Film score by Kyle Eastwood and Michael Stevens
- Released: December 12, 2006
- Studio: Eastwood Scoring Stage, Warner Bros. Studios, Burbank, California
- Genre: Film score
- Length: 37:41
- Label: Milan
- Producer: Kyle Eastwood; Michael Stevens;

Kyle Eastwood and Michael Stevens chronology
|  | Letters from Iwo Jima (2006) | Rails & Ties (2007) |

= Letters from Iwo Jima (soundtrack) =

Letters from Iwo Jima (Original Motion Picture Soundtrack) is the film score to the 2006 film Letters from Iwo Jima directed and produced by Clint Eastwood. The score was composed by Clint's son Kyle Eastwood and Michael Stevens in their composition debut and released through Milan Records on December 12, 2006.
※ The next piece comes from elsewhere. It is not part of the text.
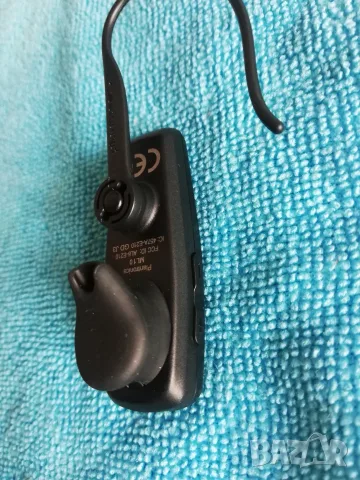 Plantronics ML10 нова, снимка 6 - Bluetooth слушалки - 55894614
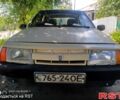 ВАЗ 2109, объемом двигателя 1.3 л и пробегом 0 тыс. км за 1300 $, фото 1 на Automoto.ua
== Background and release ==
Letters from Iwo Jima is the composition debut of Clint's son and jazz bassist Kyle Eastwood and Michael Stevens. Both composers worked for Clint in arranging the music of The Rookie (1990), Mystic River (2002) and Million Dollar Baby (2004), while also worked on additional music in Flags of Our Fathers.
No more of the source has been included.